That night I told my wife, “If I get up in the middle of the night tonight and wander around the house like I’m getting ready to leave, hit me in the head with a stick. If I get back up and start walking again, hit me until I stop.”

Sleep matters, as well as marital bliss, but so does seeing stuff and so do their names. To name is to know. To name is to differentiate, to similarize and sometimes to name is to see at all. Do you really see the Willets and Black Stilts and American Avocets in the salt mash if the only net you have to catch the lot of them is, “Look, birds!” Yes, you do see something but you do not see as much as when you know and love their names and their distinguishing features. I love learning the names of things, saying them out loud, pointing them out to the uninitiated, to my students, to my disciples, to whatever peripatetic followers will gather ‘round.

I religiously read Smithsonian magazine. Their writers name stuff. A recent article exposed the truth; jelly fish are taking over the world. It sounds more like something you might read in the National Inquirer. But no; it’s science; jellies around the planet are multiplying and asphyxiating fish, clogging nuclear power plants, disabling aircraft carriers and sinking fishing trawlers. There are too many jellies now.

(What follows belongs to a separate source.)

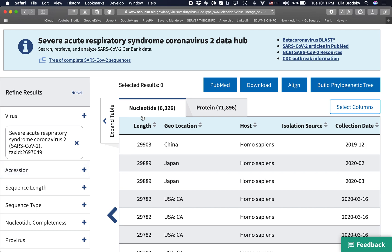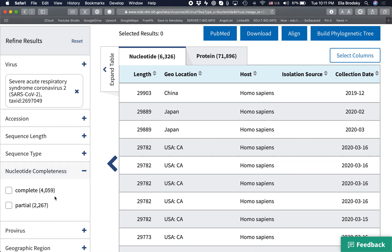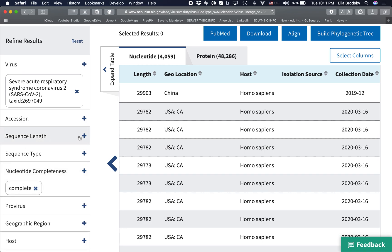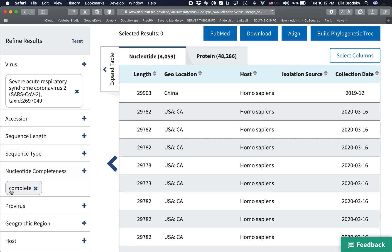If we want to limit this number, we can first select sequence length or nucleotide completeness. We know that the coronavirus is about 28,000–29,000 nucleotides long, so we can either select 'complete' or give it a minimum and maximum length. After we filter for only complete nucleotide sequences, you will see that there are just 4,000 nucleotide sequences available.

But it was the names of the jelly fish, not the mayhem, that stuck with me from the article – “blue blubbers, bushy bottoms, fire jellies, jimbles. Cannonballs, sea walnuts. Pink meanies, a.ka. stinging cauliflowers. Hair jellies, a.k.a. snotties. Purple people eaters.”  I love them (although not in the water when I’m snorkeling or boogy boarding), and I love their names, the snotties and the bushy bottoms. There are 1,500 jellyfish species. There are the true jellies, and the comb jellies the other gelatinous animals like the Portuguese man-of-war, a colony of stinging Cnidarians in the category siphonophores. Yes, yes, yes – it’s a knock in the head, the multiplicity of jelly, the variety of jelly, the weird expressions of jelly, the names that the jellies draw to themselves by the fabulous wardrobes they sport.

I love the siphonophore; that’s what I am; that is what we all are as we suck in the bits and pieces of life that swim near us in our seas, and toss a net of taxonomy and nomenclature over them. Then we can fish them out with their names when they pass our way again. In this way I wish to think of myself as Aristotelian. Aristotle made direct observation of nature and detailed categorization of his observations. He spent time categorizing things, dividing the world up into elements (earth, air, fire, water and aether) or types of creatures such as egg bearing or life bearing.

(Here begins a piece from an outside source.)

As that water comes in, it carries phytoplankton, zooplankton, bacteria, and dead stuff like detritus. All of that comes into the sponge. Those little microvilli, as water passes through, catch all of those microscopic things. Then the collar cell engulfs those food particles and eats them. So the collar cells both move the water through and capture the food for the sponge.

I want to follow Aristotle; it’s been argued that those who do succeed. I want to observe the things resident in the particular cusp of creation I inhabit and revel studiously in the names of local bits of reality and draw general conclusions from their unique identities — the California Buckwheat in all its rusted glory, thriving along Interstate 8 and throughout San Diego county, the Blue Knobby Starfish luxuriating in the tide pools off Point Loma, the California Alligator Lizard running on the white stucco wall in my backyard in Eastlake. I wish I could run on walls.

Two springs ago I trekked out to the Azza Borrego Desert with some friends. We were in search of a Native California fan palm grove and some water, a little oasis tucked back up in the quiet desert hills. The sky was a perfect Southern California cornflower blue. The desert was smoking hot and rocky and dusty. We started through some creosote flats and then went up though some ocotillo ridges.The trail was steep at points and full of large rocks to scramble and hobble over.

My teen friend Daniel was having a rough go of it, so I took his hand and we hiked together, me easing him along the trail. He had trouble judging the terrain, the height of rocks I think. His Down Syndrome didn’t help him process the desert. Now there is a  name the parents of a new born baby don’t want to hear, “Downs.” I’ve been there, I know. I was there when my friend Peter Anthony was born and “Down Syndrome” was said in a private room and his parents heard the name and held it in their minds, like a diver holding his breath underwater and then they came back up to the surface and cried and went home and made a life out of making a good life for Peter. They’ve done really well, as has Peter Anthony.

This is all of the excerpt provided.